An Instance Segmentation Method for Mining-Induced Ground Fissures in Shallow Coal Seams Using UAV Drones

The intensive exploitation of coal resources, particularly in the ecologically fragile western regions of China, has induced severe and widespread ground fissures due to subsidence in shallow-buried coal seams. These fissures pose significant threats, including facilitating the spontaneous combustion of residual coal in goaf areas and increasing the risk of water inrushes during rainy seasons. Timely and accurate detection and mapping of these fissures are therefore critical for ensuring mining safety and implementing ecological remediation. Traditional manual field surveys are inefficient, labor-intensive, and hazardous over large, complex terrains. While satellite remote sensing and other geomatics technologies offer broad coverage, they often lack the spatial resolution and temporal frequency required for monitoring dynamic and fine-scale ground deformations. In this context, UAV drones equipped with high-resolution cameras have emerged as a powerful, flexible, and cost-effective tool for rapid data acquisition over mining areas.

Computer vision techniques, especially deep learning, have revolutionized the automatic interpretation of imagery captured by UAV drones. While semantic segmentation networks can classify fissures at the pixel level, they fail to distinguish between individual fissure instances, which is essential for quantifying parameters like length, width, and spatial distribution. Object detection models can localize individual fissures with bounding boxes but do not provide precise pixel-wise contours. Instance segmentation, which combines object detection with pixel-level mask prediction, is ideally suited for this task. Among various architectures, the YOLO (You Only Look Once) series, particularly YOLOv8, is renowned for its excellent balance between speed and accuracy. However, its default convolutional backbone may struggle with capturing long-range dependencies and multi-scale features of fissures, which are often fragmented, thin, and embedded in complex backgrounds with noise from vegetation and shadows.

This work proposes an enhanced YOLOv8-based instance segmentation model specifically designed for detecting and segmenting mining-induced ground fissures from high-resolution imagery acquired by UAV drones. The core innovation lies in replacing the original backbone of YOLOv8 with a Pyramid Vision Transformer (PVT) structure. The PVT backbone excels at learning multi-scale and high-resolution feature representations through a hierarchical transformer encoder, thereby significantly improving the model’s ability to recognize the intricate geometric patterns and long, discontinuous nature of ground fissures. To validate the proposed method, a dedicated dataset named HYCdata was constructed from UAV drone surveys conducted over a typical mining area.
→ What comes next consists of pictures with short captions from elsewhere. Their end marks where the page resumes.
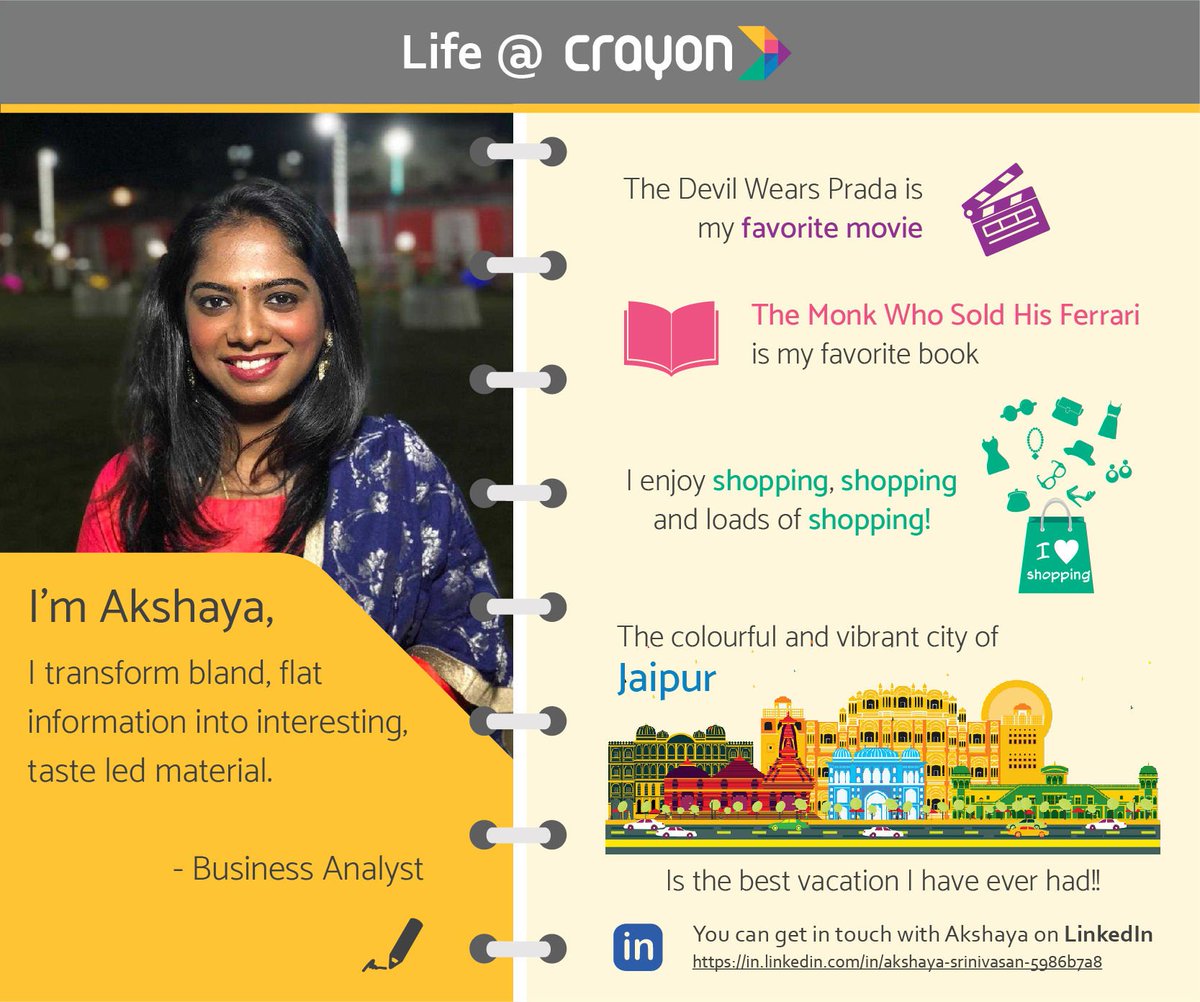 CrayonBigData's tweet photo. #Crayon's Akshaya Srinivasan loves to shop! What else makes her day? Find out in this month's #LifeAtCrayon.  
https://t.co/w7kgPd2HHa
#WomenAtCrayon #WonderWomen #BusinessAnalyst #Data #Shopping #People #Gettoknowus #TeamCrayon https://t.co/TvNNQ5gnxF
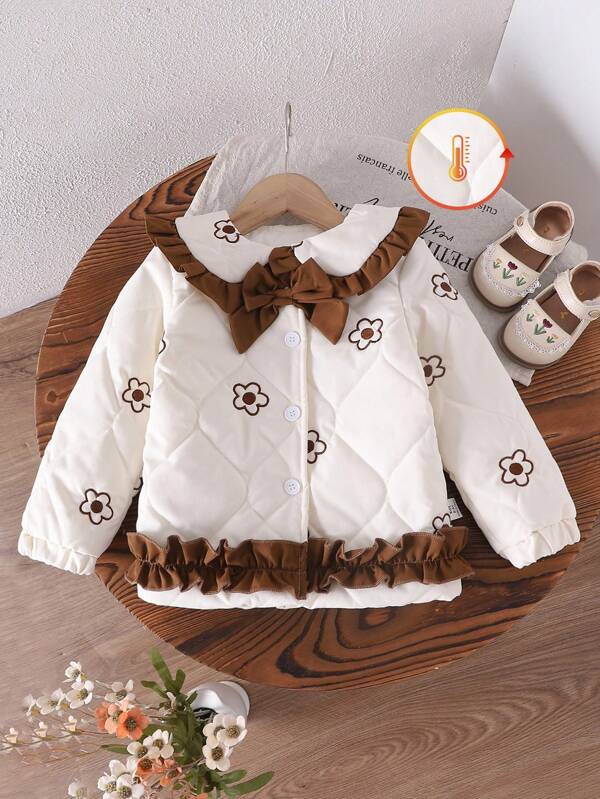 Veste matelassée épaisse pour bébé fille avec nœud brodé, ivoire, convient pour l'extérieur en hiver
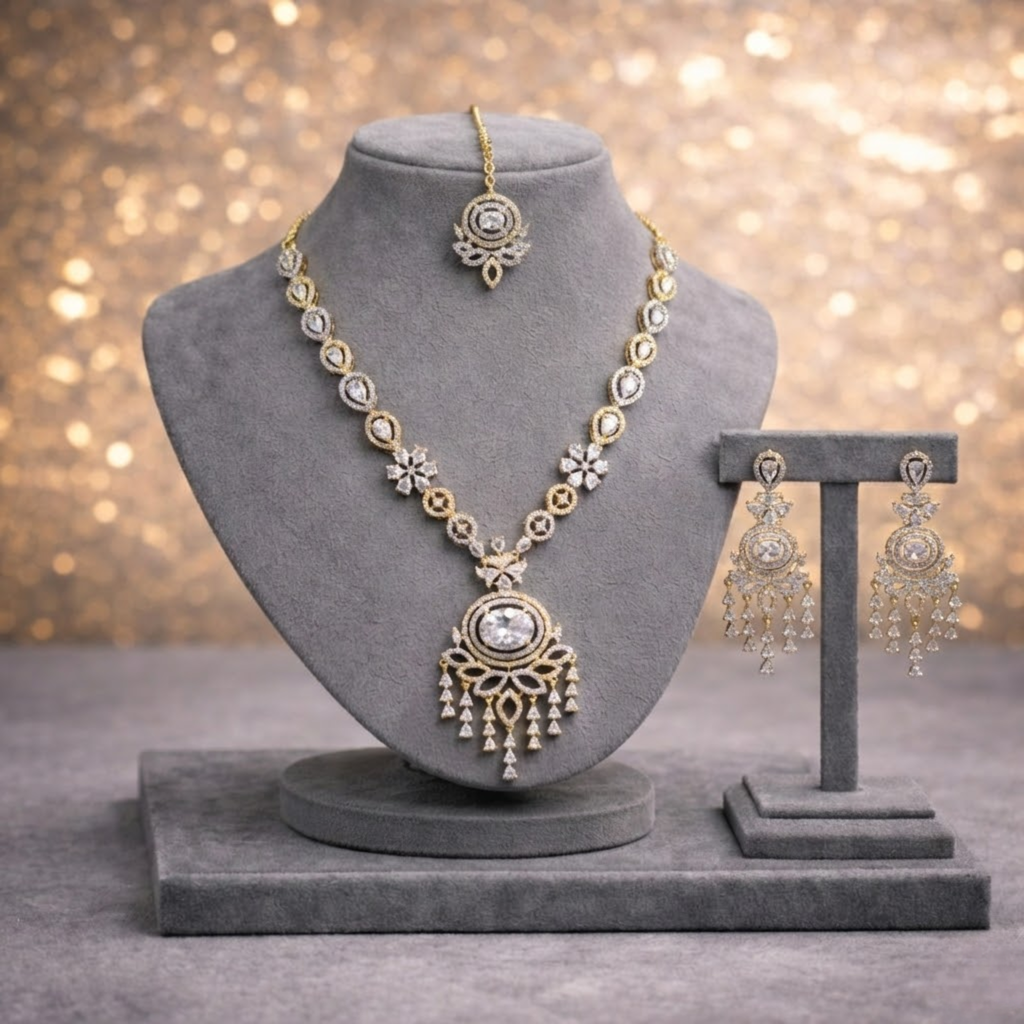 Royal Two-Tone CZ Bridal Jewelry Set with Maang Tikka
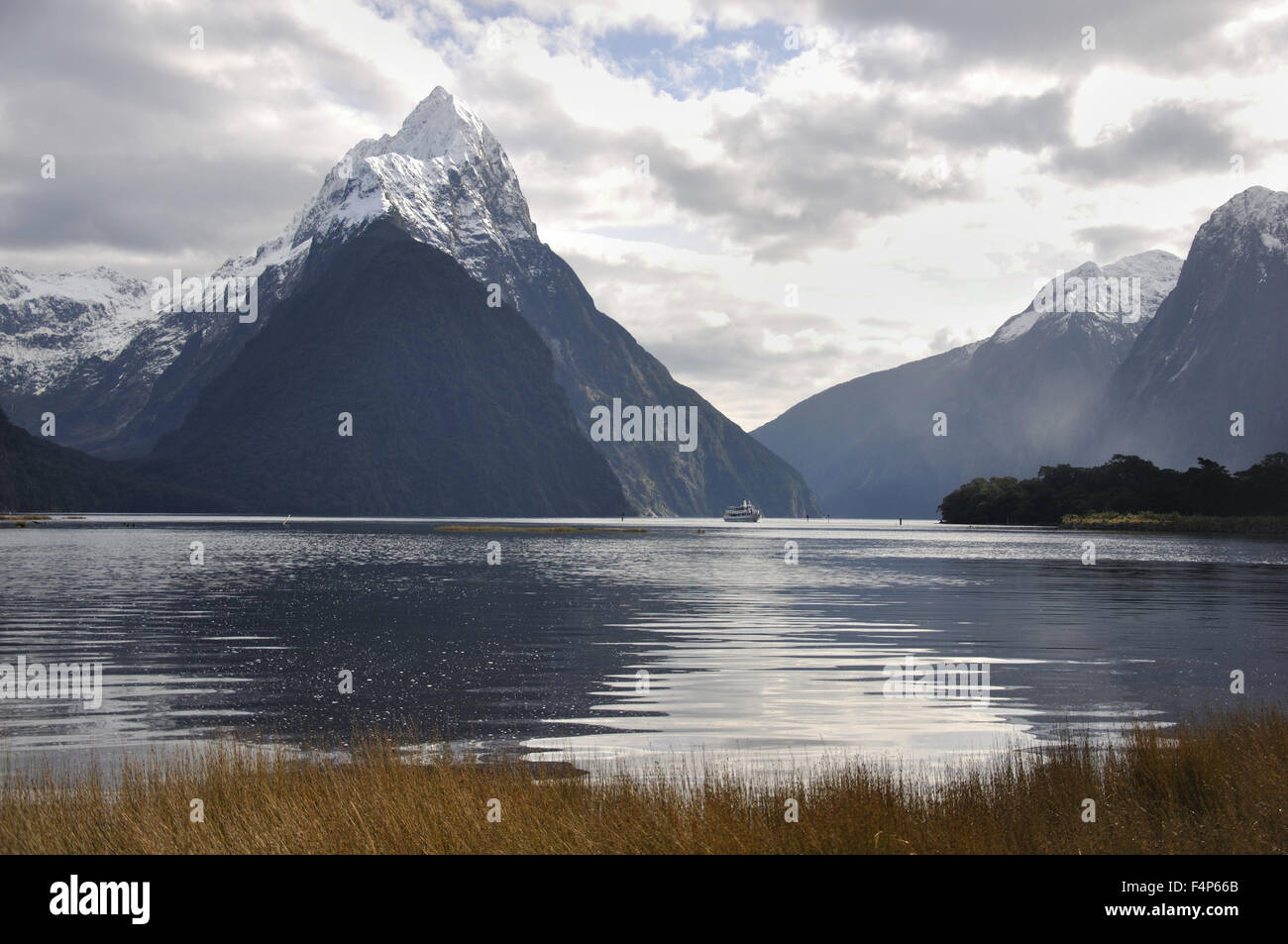 Mitre Peak, Milford Sound, Fiordland, Nuova Zelanda Foto Stock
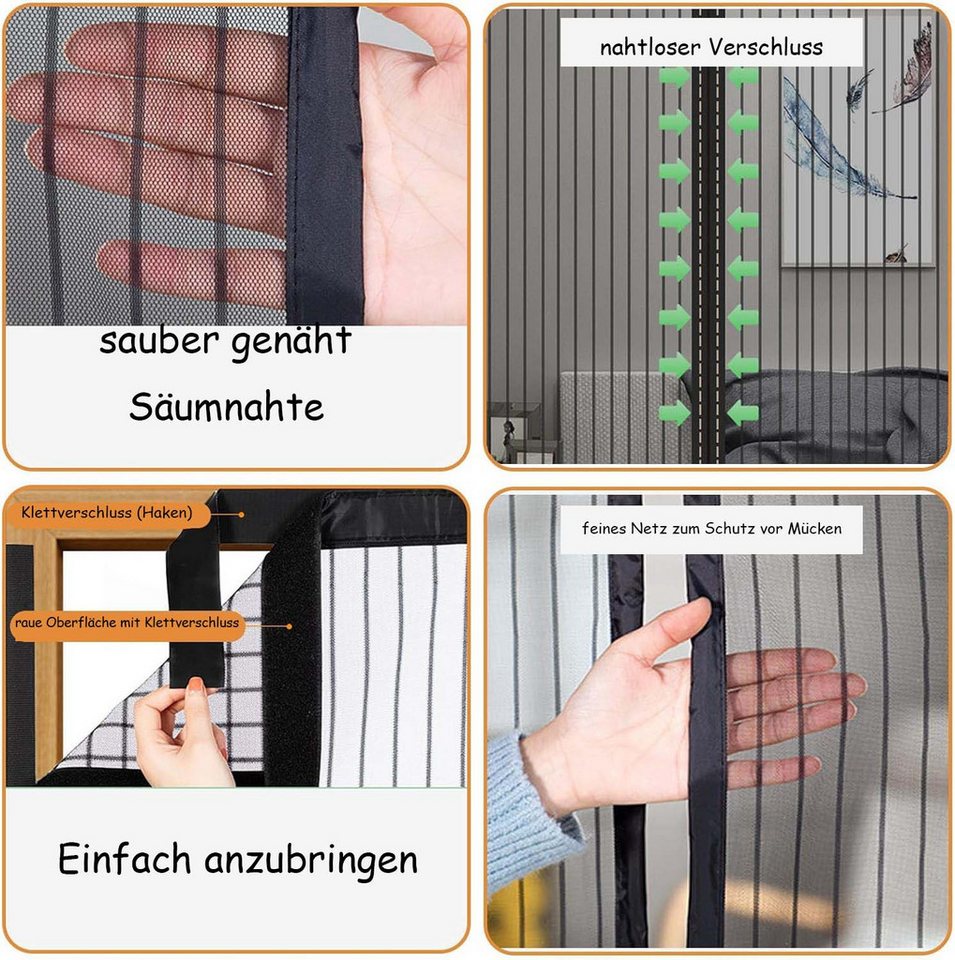 Agger Insektenschutz-Fensterrahmen Anpassen Magnetisches Fliegengitter Fenster, Stärkere Magneten Bild 3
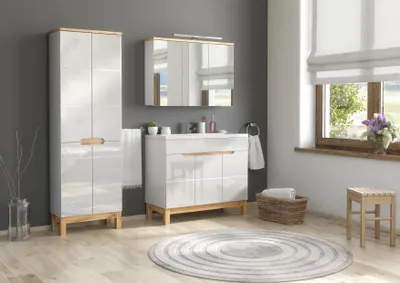 Zdjęcie produktu dla Elegancki Zestaw Łazienkowy 100 Cm Biały Połysk Z Lustrem I Umywalką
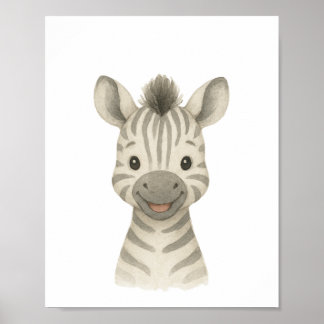 Póster de vivero de safari neutral para bebé cebra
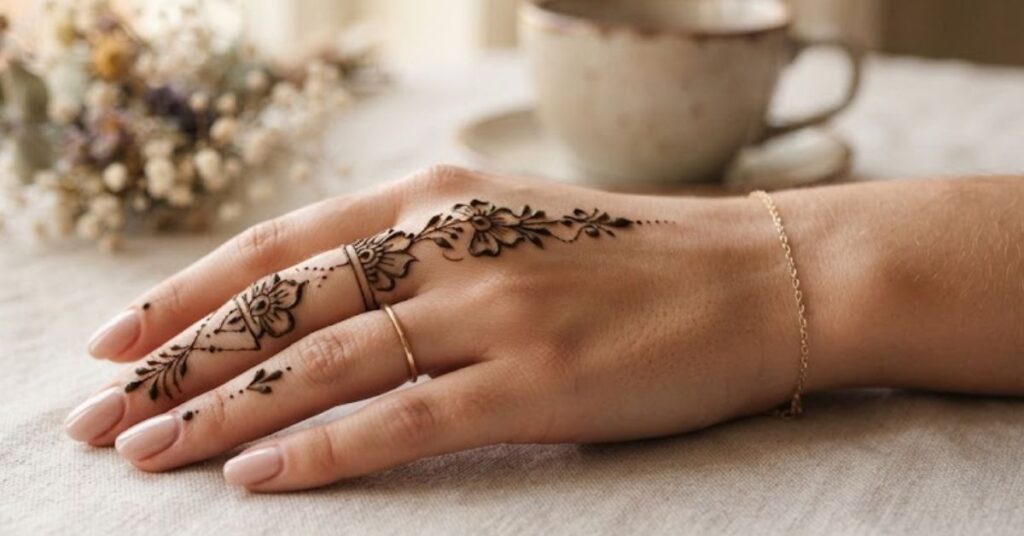 Simple one finger mehndi design showing minimal henna art style
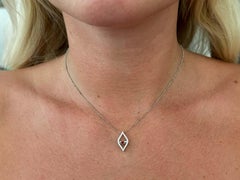 Round Orange Garnet Diamond Halo Flame Necklace 18k White Gold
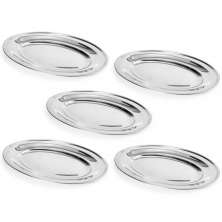 Kit 5 Baixelas de Inox 25cm para Buffet Bar Restaurante Petiscos Saladas Aperitivos Porções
Comparative experiments demonstrate that the modified model outperforms the original YOLOv8 and other contemporary lightweight YOLO variants, offering a robust and automated solution for fissure monitoring using UAV drones.

Dataset Construction: HYCdata

The performance of deep learning models is heavily dependent on the quality and relevance of the training data. For this study, a custom dataset, HYCdata, was created to address the specific characteristics of mining-induced fissures. Data was collected using a DJI Matrice 300 RTK UAV drone equipped with a Zenmuse P1 high-precision photogrammetry camera. The flight missions were conducted over active mining panels, with a relative altitude of 50 meters ensuring both safety and the acquisition of imagery with a ground sampling distance (GSD) of 1-2 cm. This high resolution is crucial for identifying narrow fissures.

The collected imagery was processed to generate Digital Orthophoto Maps (DOMs). The original DOMs, with dimensions of 10,000 x 10,000 pixels, were too large for direct model input. A data preparation pipeline was implemented:

1. Annotation: Using the LabelMe tool, expert annotators meticulously outlined the boundaries of individual ground fissures in the DOMs to create instance segmentation masks.
2. Tiling with Overlap: To augment the dataset and ensure that fissures were not truncated at image boundaries, the large DOMs were cropped into smaller patches. A sliding window approach with a 50% overlap was used.
3. Standardization: All resulting image patches were resized to a uniform dimension of 640 x 640 pixels, which is the standard input size for YOLOv8 models.

This process resulted in the HYCdata dataset comprising 4,382 annotated image samples. The dataset was subsequently split into training, validation, and test sets with a ratio of 7:2:1, corresponding to 2,752, 1,187, and 443 images, respectively. Key characteristics of the HYCdata dataset are summarized in the table below.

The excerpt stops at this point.